As television goes, the stakes could hardly be higher. The jewel in the crown of the BBC's spring programming, six hour-long episodes in the prime Sunday-evening slot and, what's more, from a book by John Le Carré.

February 25, 2016 12:03
The Night Manager's lead actor Tom Hiddleston and director Susanne Bier.

By

David Robson,

David Robson

5 min read

As television goes, the stakes could hardly be higher. The jewel in the crown of the BBC's spring programming, six hour-long episodes in the prime Sunday-evening slot and, what's more, from a book by John Le Carré. It's half a lifetime - nearly 40 years - since Tinker, Tailor, Soldier, Spy and Alec Guinness's Smiley but the resonance lives on.

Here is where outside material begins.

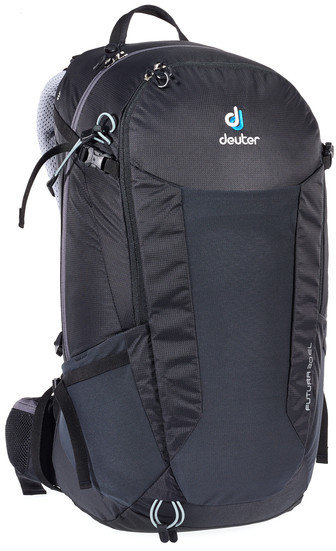 

Рюкзак Deuter Futura 30 El цвет 7000 black (3400818 7000)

The Night Manager, which continues this weekend, is a world away from that. No more cold war. This is an epic of complicated intrigue, violence and badness in modern times. The cast is stellar, the budget big. If a mini-series can feel like a maxi-series, this is it.

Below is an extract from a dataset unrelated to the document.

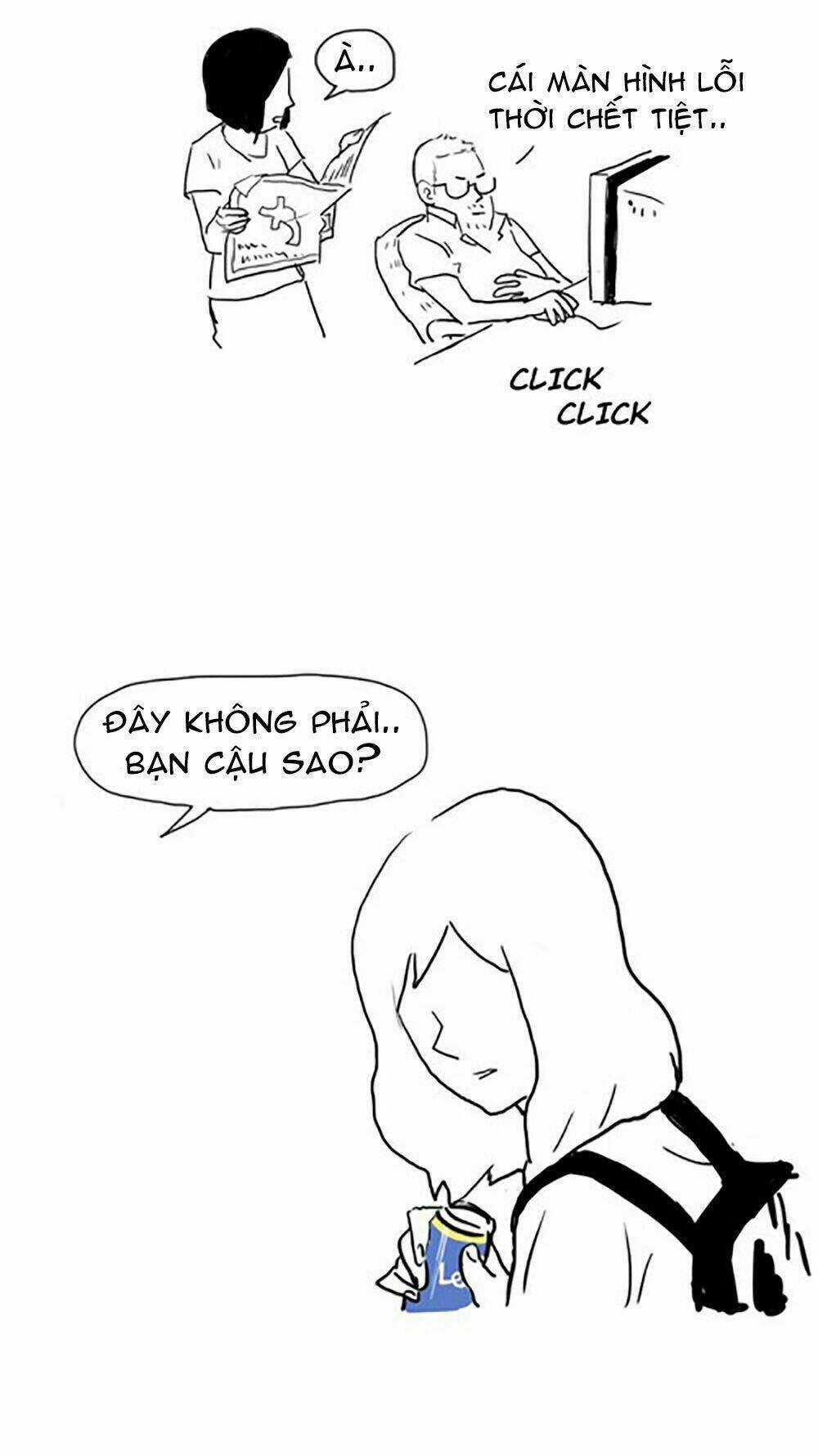 Cô Nàng Trên Lớp - The Girl From Class Chapter 26 trang 3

The producers wanted it to have the cinematic quality of a feature film, which indeed it has. Very few television dramas look like this. And how would you get that? By signing up an Oscar-winning director. Meet Susanne Bier, vivacious, engaging, amusing, Danish, Jewish, highly impressive maker of 15 films over the past 25 years, among them In A Better World, the Academy of Motion Pictures best foreign-language film of 2010.

It must be quite a thing winning an Oscar. "It's a big thing,'' she says. ''On the night, it's all so chaotic, so wild, so crazy and you have that golden statue in your hand. There's something solid about it. It gives you a certain confidence. When, like all other artists, I get into a black hole and I ask myself how will I actually solve the issue I'm dealing with, I can always remind myself I did it in the past so it will probably work out.